EXERCISE PROMPT:
The required result is an exact copy of every line from the one with "Infographic acid reflux" through the last line below, with the pictures left out.

BEGIN EXERCISE DATA

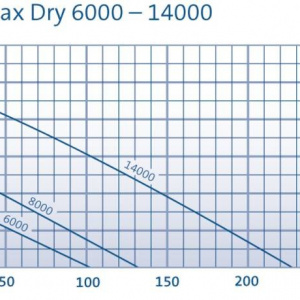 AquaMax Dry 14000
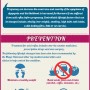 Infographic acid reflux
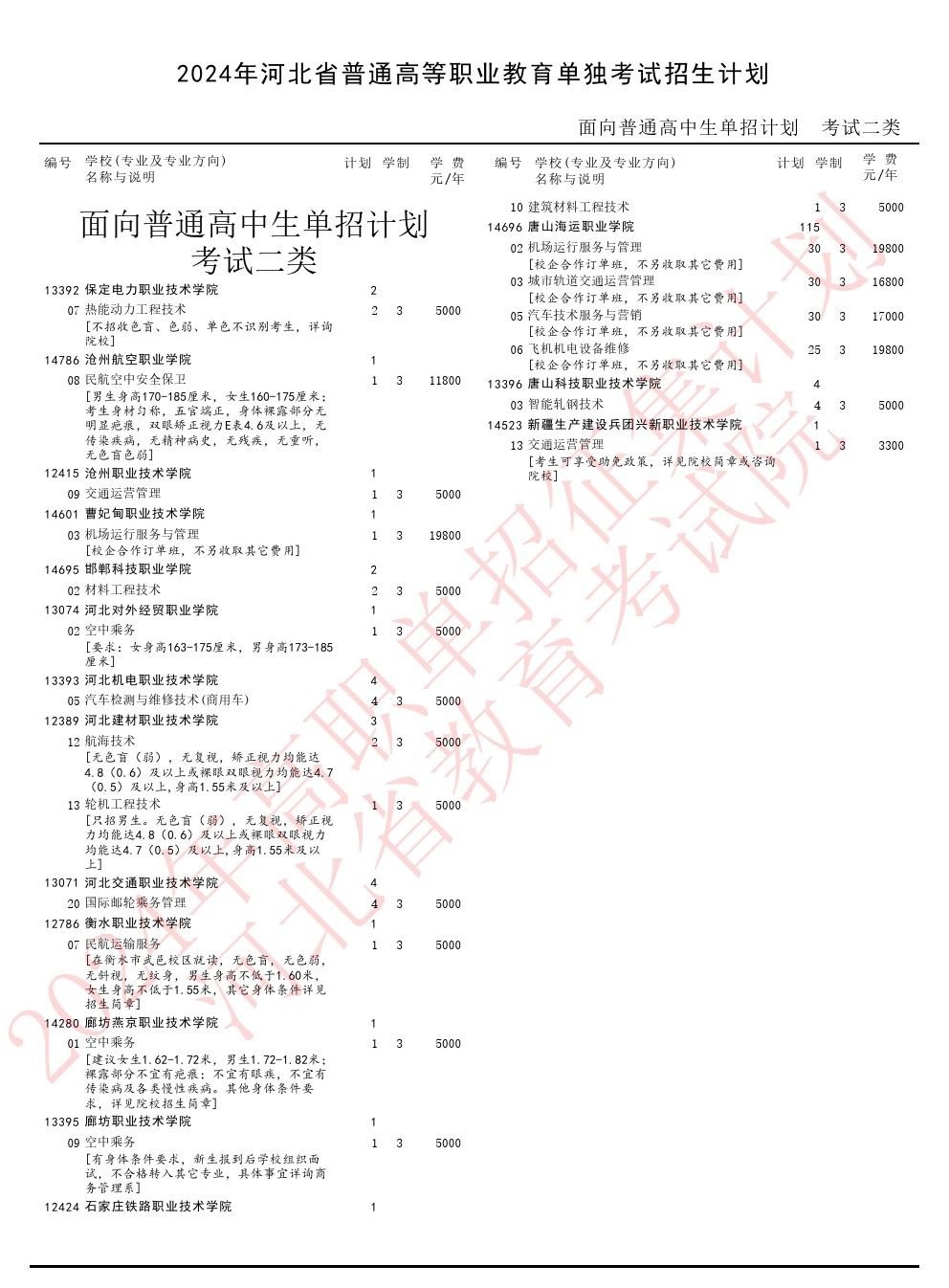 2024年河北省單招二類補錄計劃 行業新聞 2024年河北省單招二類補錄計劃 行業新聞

END EXERCISE DATA

EXERCISE OUTPUT:
 Infographic acid reflux
 2024年河北省單招二類補錄計劃 行業新聞 2024年河北省單招二類補錄計劃 行業新聞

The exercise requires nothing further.